We have also shown that IP affects the activity of several translational initiation factors. Additionally, IP
affects activities of the Akt, extracellular signal-regulated protein kinase phosphorylation, expression of glucose-regulated protein (GRP78) and growth arrest DNA
damage-inducible protein 34 (GADD34) proteins. However, the role eEF2 (translational elongation factor)
plays in different phosphorylation states during preconditioning-induced derepression of proteosynthesis was
not proven in the hippocampal or cortical areas (Garcı́a
et al., 2004a,b). Matrix-assisted laser desorption ionization time of flight (MALDI TOF) and mass spectrometry
(MS) were further used in animal models of IT. This was
done to analyze complexes of serine/threonine phosphatase 1 (PP1) with the substrates. These substrates are
presumably influenced by IT (Cid et al., 2007). As shown
before, inhibition of the PP1 expression is associated
with the early ischemic/reperfusion damage and PP1
inhibitors prevent protection evolved by preconditioning
(Martin de la Vega et al., 2001; Horiguchi et al., 2002).
Moreover, expression of the PP1c positive modulator and
GADD34 is induced by IT (Garcı́a et al., 2004a). Ischemic/reperfusion injury altered the interaction of heat
shock cognate 71 kDa-protein (HSC), creatine kinase B,
and dopamine- and cAMP-regulated phosphoprotein 32
kDa (DARPP32) with both PP1a and PP1c, and the
interaction of phosphodiesterase-6B, transitional ER
ATPase, lamin-A, GRP78, c-enolase, neurofilament-L,
and ubiquitin ligase with PP1c. Remarkably, preconditioning prevented most of the ischemia-induced effects,
which points to the potential role of PP1; it acts as a
target of the endogenous protective mechanisms induced
by IT.
In addition, translational attenuation occurring rapidly during the first minutes of reperfusion after ischemic episode is linked with the phosphorylation of the a
subunit of eukaryotic translation initiation factor 2
(eIF2a). eIF2a is one of the substrates of protein phosphatase 1. As we have shown by microcystin chromatography and 2D fluorescence difference gel electrophoresis
(2D DIGE), the highest levels of phosphorylated eIF2a
correlated with increased levels in PP1 immunoprecipitates of the inhibitor DARPP32 as well as GRP78 and
heat shock cognate protein (HSC70) proteins. They
returned to control values in the later reperfusion period. Remarkably, IT promoted a decrease in eIF2a phosphorylated levels. It also induced association of GADD34
with PP1c while preventing DARPP32, GRP78, and
HSC70. Different levels of HSC70 and DARPP32 associated with PP1a and PP1c isoforms were detected.
GRP78 was only detected in PP1c immunoprecipitates.
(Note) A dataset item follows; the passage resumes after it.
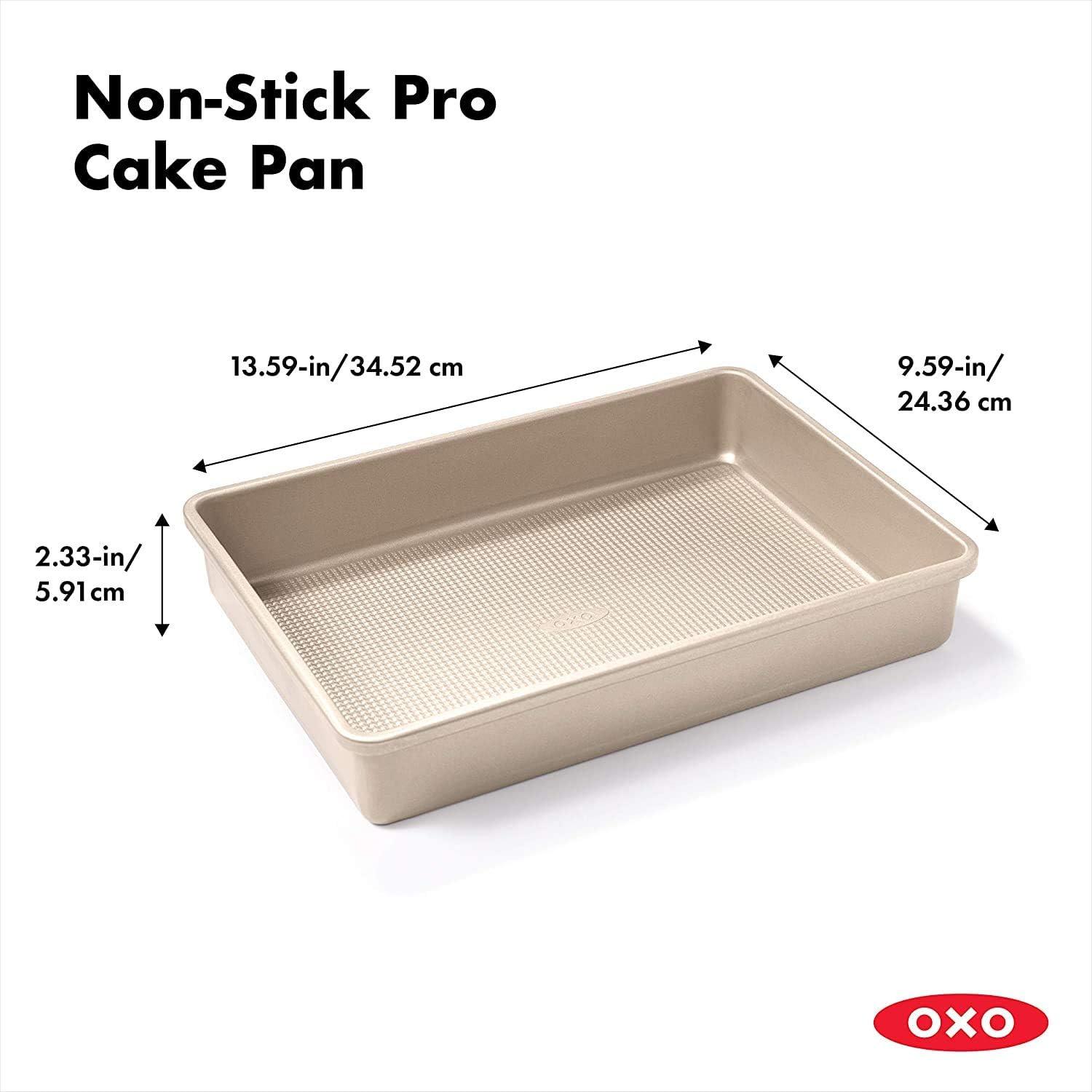 imageOXO Good Grips NonStick Pro Round Cake Pan 9 InchOne size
Thus, we suggest that PP1 through different signaling
complexes with their interacting proteins, modulates the
phosphorylation states of eIF2a, and affects tolerance acquisition with the important role of GADD34/PP1c complexes (Garcı́a-Bonilla et al., 2007).
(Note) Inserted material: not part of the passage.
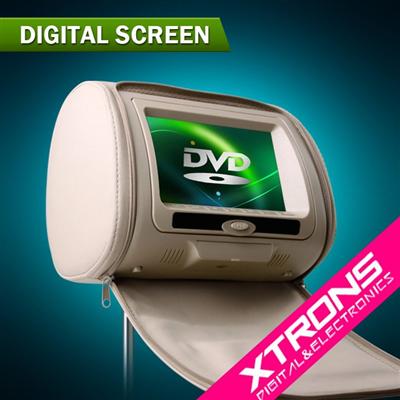 HD705: car headrest monitor with DVD player 7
The effect of preconditioning was further studied on
functional states of two substrates of Ca2þ-dependent
cysteine protease calpain. These are protein p35 and eukaryotic translational elongation factor eEF4G (GarciaBonilla et al., 2006). Although the induced tolerance did
not promote significant changes in p35 and p25 levels, it
stimulated a slight increase in calpastatin (calpain inhibitor) and eIF4G levels in the hippocampal subregions
after 4 hr of reperfusion.
Remarkably, the iron deposition in the hippocampus
CA1 area and the corpus striatum pars dorsolateralis
reflects ischemic damage. Recirculation in rats was significantly attenuated by IP. It also prevented neuronal
destruction of the hippocampal CA1 region induced by a
20-min ischemia (Danielisova et al., 2004). In accordance
with this evidence, we observed activity of the main
antioxidant enzymes, SOD and catalase (CAT) in the
hippocampus, striatum, and cortex. After induced IT by
IP, SOD and CAT were significantly increased after 5 hr,
1 and 2 days of reperfusion. The observed increased levels of antioxidant enzymes can be ascribed to the de
novo proteosynthesis. However, in spite of upregulation,
a large number of CA1 hippocampal neurons underwent
neurodegeneration within 7 days after ischemia (Danielisova et al., 2005).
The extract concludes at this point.